» Activity
The output is a word-for-word repeat of the listing below, free of images.

» Given data

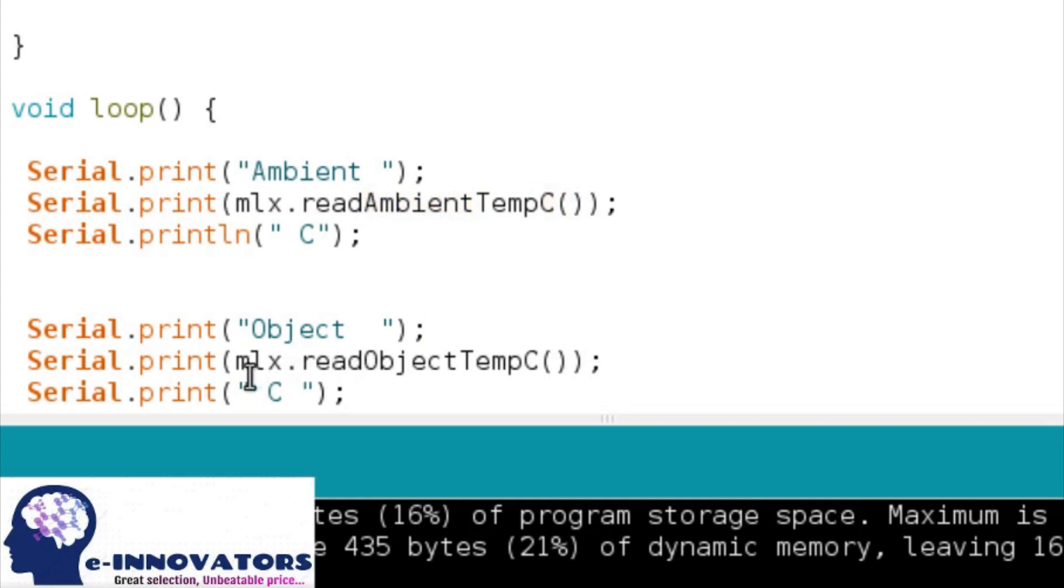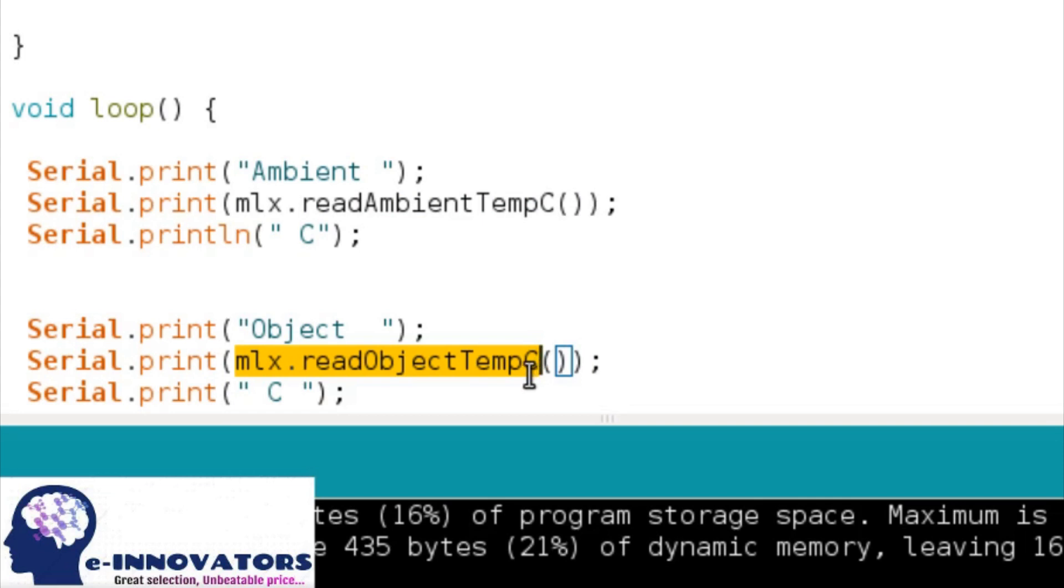Another important feature is mlx.readObjectTemperature. This will show the temperature of the nearest object in Celsius.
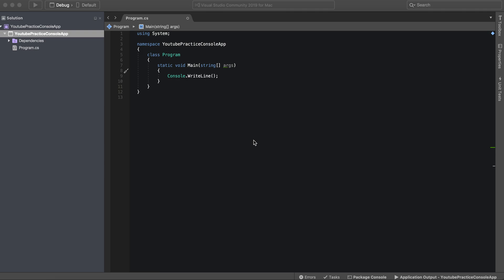Hello everyone and welcome to another C-sharp tutorial. In this video we're going to be going over data types. So let's go ahead and jump right in.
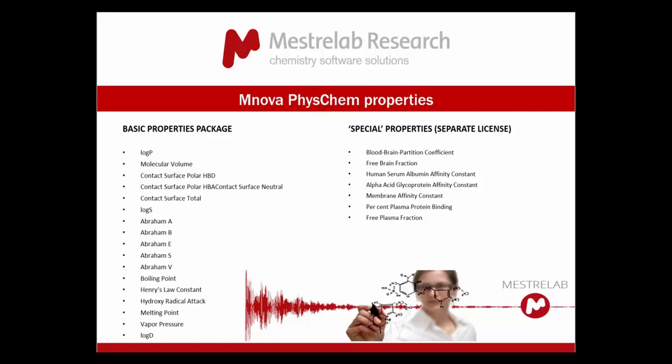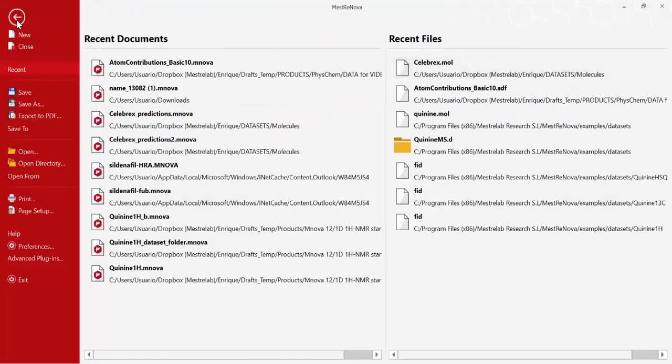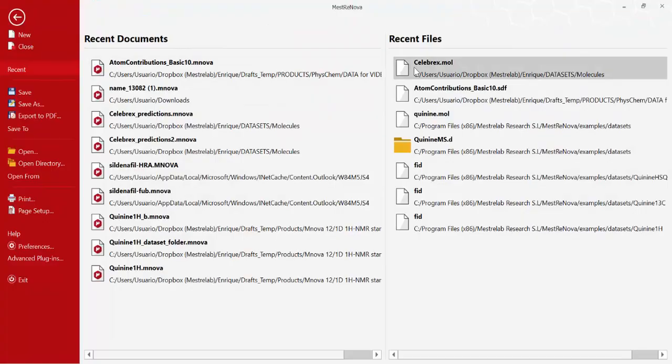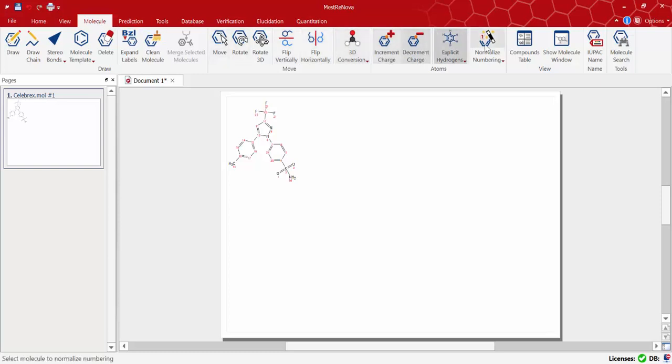The first thing I'm going to do is open a structure file in MNOVA. In this case I just need to go to file and retrieve the mol file of Celebrex structure. I'm using the recent file section however you can always browse the file on the computer. As you can see the structure is automatically opened in MNOVA's molecule tab.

» Answer to this problem
Another important feature is mlx.readObjectTemperature. This will show the temperature of the nearest object in Celsius.
Hello everyone and welcome to another C-sharp tutorial. In this video we're going to be going over data types. So let's go ahead and jump right in.
The first thing I'm going to do is open a structure file in MNOVA. In this case I just need to go to file and retrieve the mol file of Celebrex structure. I'm using the recent file section however you can always browse the file on the computer. As you can see the structure is automatically opened in MNOVA's molecule tab.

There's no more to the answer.